Thomas K. Spencer was born in Pasco County but resided in Hillsborough County most of his life. He devoted his youthful efforts to the printer's trade and was a pioneer in the newspaper business in Florida. At 15, he enlisted in the Florida Infantry as a drummer boy. He served a year before his superior officers became aware that he was under the required age and sent him home with a military discharge. But with martial spirit he re-enlisted, this time as a blockade runner. He was captured by the enemy and languished in a military prison for seven months. As soon as he was released, he was off again in a cavalry company for the Southern cause. He was the last man in the Confederate service of the state of Florida, having been sent with dispatches and not returning until twenty days after the surrender.

After the war, Spencer returned home and attempted to revive The Florida Peninsular newspaper, would would become the The Tampa Tribune. Under President Cleveland's first administration, Spencer was Collector of Customs, and in 1893 he was elected Sheriff, a position he held for eight years.

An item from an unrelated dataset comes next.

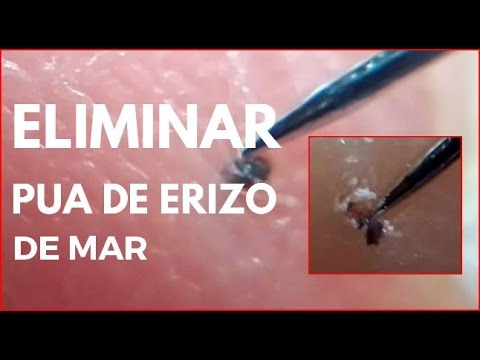 Video: Cómo quitar las espinas de erizo de mar de los pies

As Sheriff, Spencer planned and began the work that stands as one of the monuments of his official career - the system of good roads which have brought Hillsborough County favorable notice and proved of inestimable advantage to its residents.  In office, he was over watchful to his duty, and he executed the important tasks of the public trust with a conscientious regard for its responsibilities.  Levin Armwood, the first black deputy sheriff, worked for Spencer and on May 27, 1895, sheriff Spencer wrote:  "To whom it may concern . . . This is to certify that Levin Armwood is a Deputy Sheriff in and for Hillsborough County and is authorized to carry prisoners to court."  Hillsborough County's Armwood High School was named after Levin Armwood's Daughter, Blanche.

Because of illness, Spencer retired from public life on January 1, 1901, and was in fact, seriously ill with LaGrippe, which developed into pneumonia. He died on May 6 at the age of 56. In accounts from his obituary, it was noted that "no citizen had done more for the upbuilding of Tampa as he, and he gained the respect and love of its citizens."